Warum so viel und erst jetzt?

Die ehemalige Spitzenathletin prüft zuerst, ob es sich bei der Nachricht nicht etwa um Spam oder einen Phishing-Versuch handelt. Sie stellt aber fest: Das Schreiben ist echt. «Ich habe das Bild sofort gelöscht und vorsichtshalber gleich noch alle anderen Bilder, bei denen ich nicht hundertprozentig sicher war, dass sie von mir sind», erzählt sie im SRF-Konsumentenmagazin «Espresso».

Abmahnung – was tun?

Box aufklappen Box zuklappen

Wer eine Abmahnung samt Geldforderung von einer Bildagentur erhalte, der lösche das betreffende Bild am besten und reagiere nicht weiter, empfiehlt Urheberrechts-Experte Simon Schlauri. «Die Erfahrung ist die, dass man danach in der Regel Ruhe hat.» Ist das nicht der Fall, sei es das gute Recht der Abgemahnten eine genaue Begründung für die geforderte Geldsumme zu verlangen. Oft sei die Forderung nämlich pauschal formuliert und überhöht. So auch im Fall der Bobfahrerin. Dann komme die Gegenseite unter Zugzwang. Um gar nicht erst in eine solche Situation zu kommen, rät Schlauri, sich vor der Verwendung fremder Bilder zu informieren, ob sie geschützt sind oder nicht. Dabei lohnt es sich, auf die Lizenzen der gemeinnützigen Organisation «Creative Commons» zu achten. Infos zur Verwendung von Agenturbildern und zu den entsprechenden Tarifen erhält man unter anderem bei der Schweizerischen Arbeitsgemeinschaft der Bildagenturen.
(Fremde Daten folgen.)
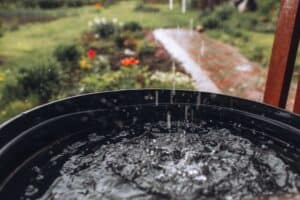 Mehr über den Artikel erfahren Gartenhaus Regenwasser – Die Gartenlaube als Wassersammelstelle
Es sei ihr bewusst, dass es leichtsinnig gewesen sei, ein Bild eines Profi-Fotografen ohne Genehmigung auf ihre Seite zu stellen, und sie wolle Reuters auch keine Vorwürfe machen für die Durchsetzung des Urheberrechts. Trotzdem fragt sie sich, warum die Abmahnung erst nach so vielen Jahren kommt. Auch die rund 600 Franken scheinen ihr eine überrissene Forderung zu sein.

Agentur zieht Forderung zurück

«Espresso» fragt bei Reuters an – und erhält nur indirekt eine Antwort. Die Agentur meldet sich nämlich per Mail bei Sabina Hafner und nimmt «Espresso» ins CC. Reuters führt aus, dass man die Firma «PicRights» damit beauftragt habe, das Netz nach solchen unautorisiert verwendeten Fotos abzusuchen. Man habe aber ihren Fall nochmals geprüft und werde die Forderung aus Kulanz zurückziehen.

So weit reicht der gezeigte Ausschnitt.